#### Exercise details:
The exercise calls for the lines from the one containing "Lucky Brand White" to the end of the data below to be output exactly, pictures excluded.

--- START ---

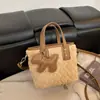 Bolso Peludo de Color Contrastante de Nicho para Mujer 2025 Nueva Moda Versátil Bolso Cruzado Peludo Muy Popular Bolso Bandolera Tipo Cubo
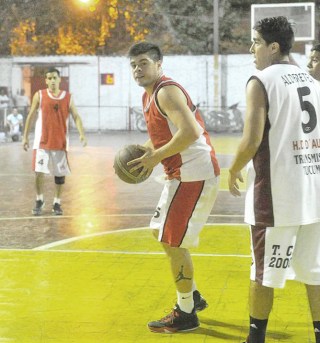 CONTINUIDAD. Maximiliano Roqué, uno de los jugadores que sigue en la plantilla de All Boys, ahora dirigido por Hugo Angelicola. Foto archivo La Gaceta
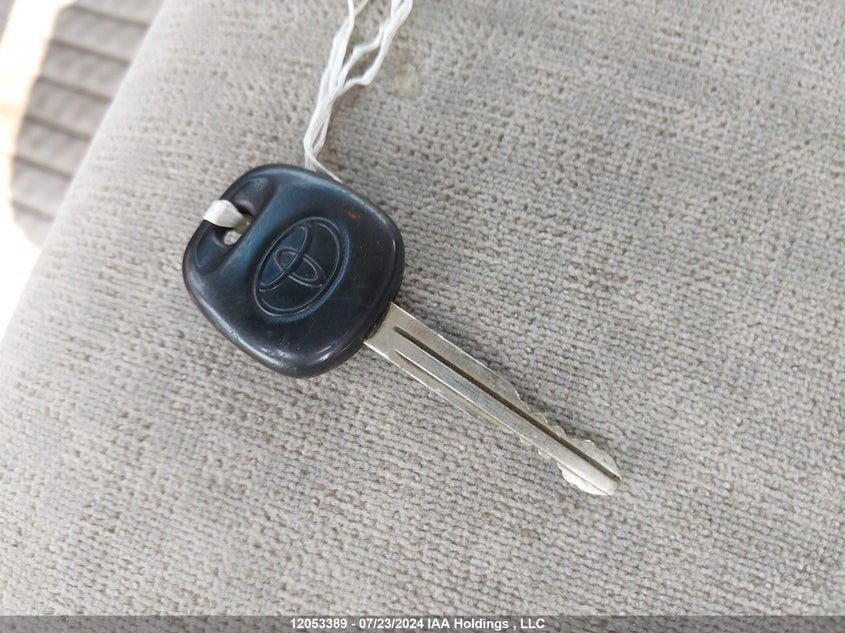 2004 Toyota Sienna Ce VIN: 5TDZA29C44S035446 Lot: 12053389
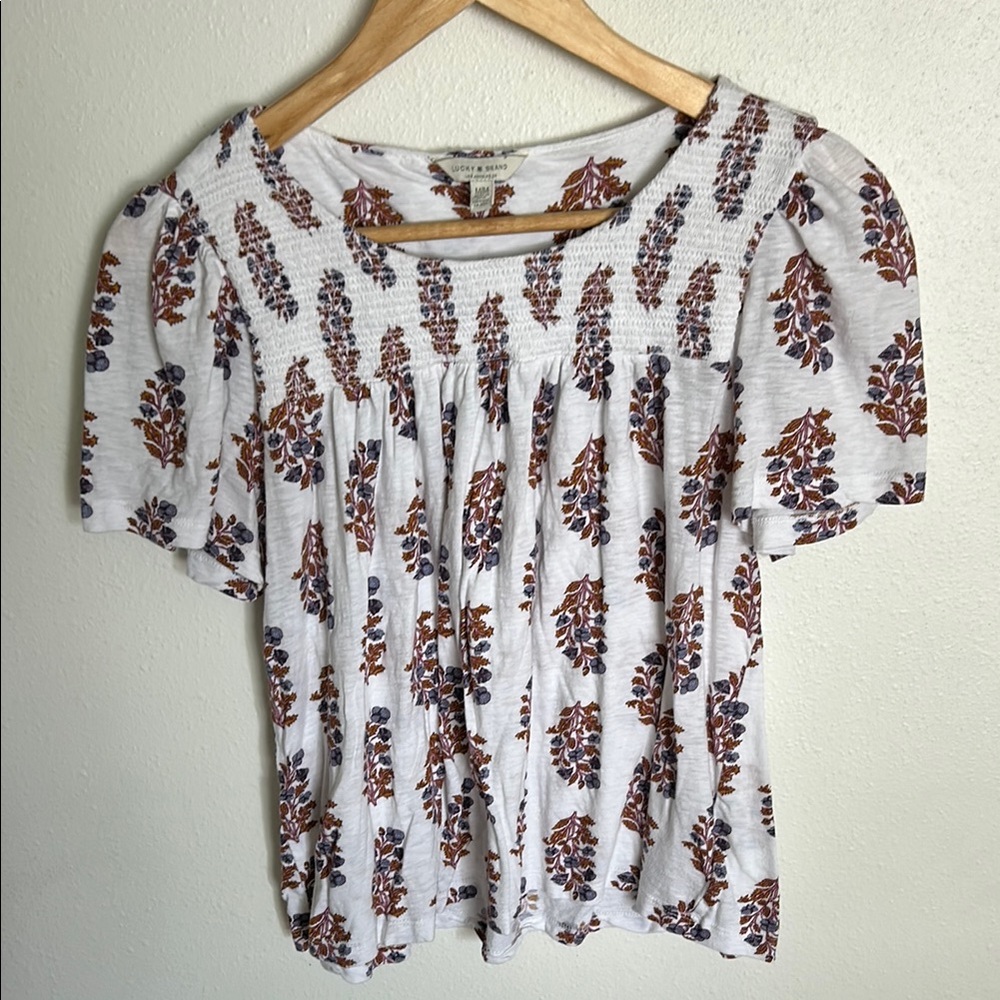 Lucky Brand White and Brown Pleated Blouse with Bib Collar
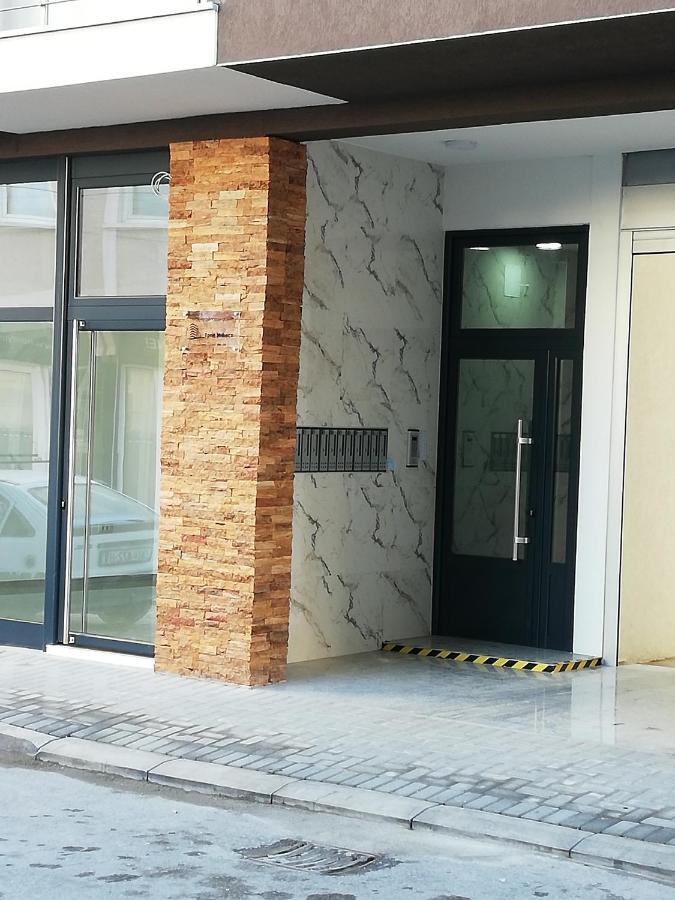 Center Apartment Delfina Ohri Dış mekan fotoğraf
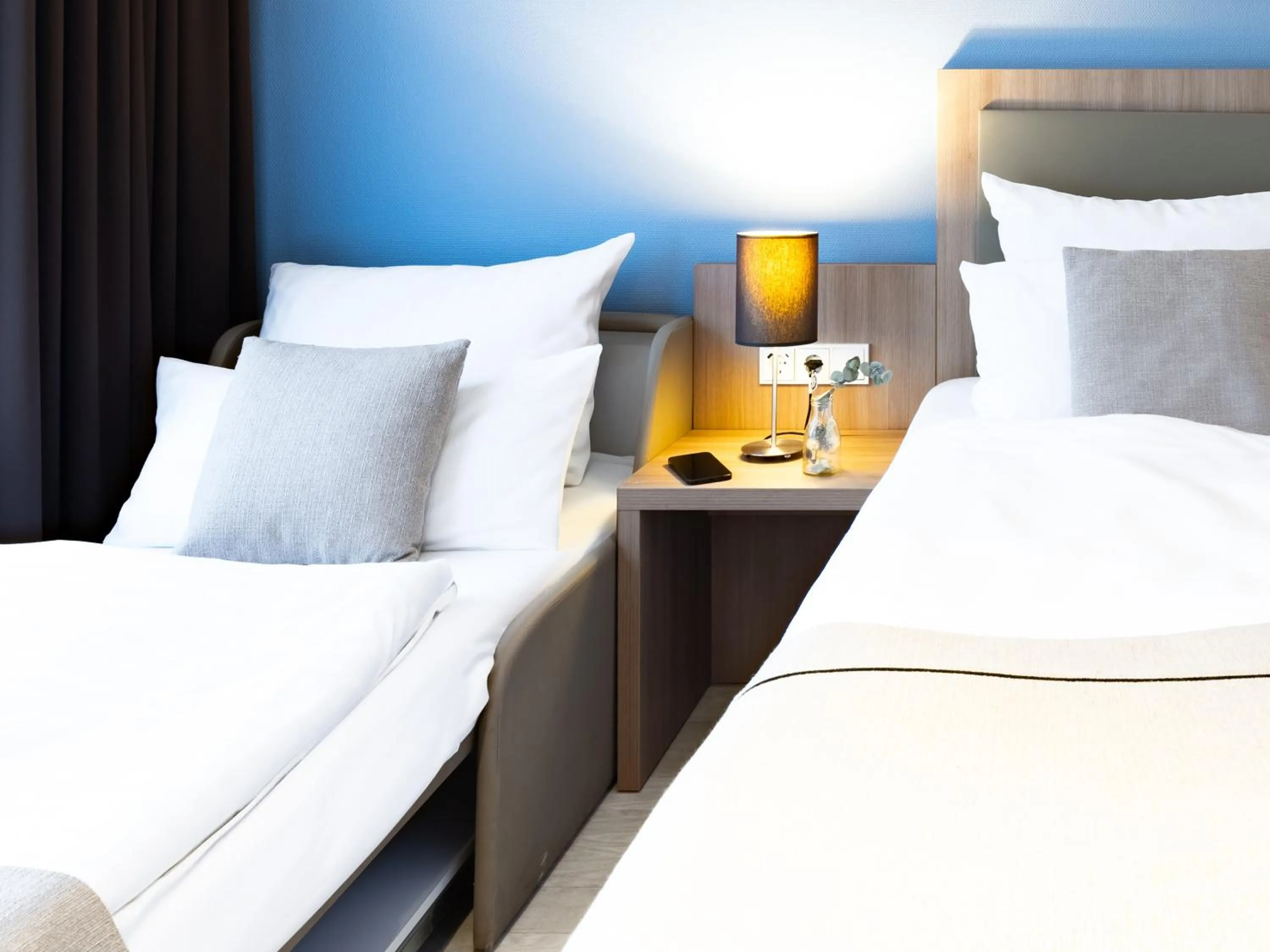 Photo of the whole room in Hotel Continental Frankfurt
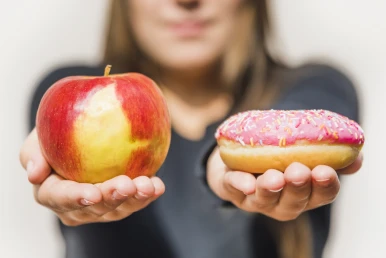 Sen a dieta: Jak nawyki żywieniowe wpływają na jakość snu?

--- END ---

#### Output of the exercise:
 Lucky Brand White and Brown Pleated Blouse with Bib Collar
 Center Apartment Delfina Ohri Dış mekan fotoğraf
 Photo of the whole room in Hotel Continental Frankfurt
 Sen a dieta: Jak nawyki żywieniowe wpływają na jakość snu?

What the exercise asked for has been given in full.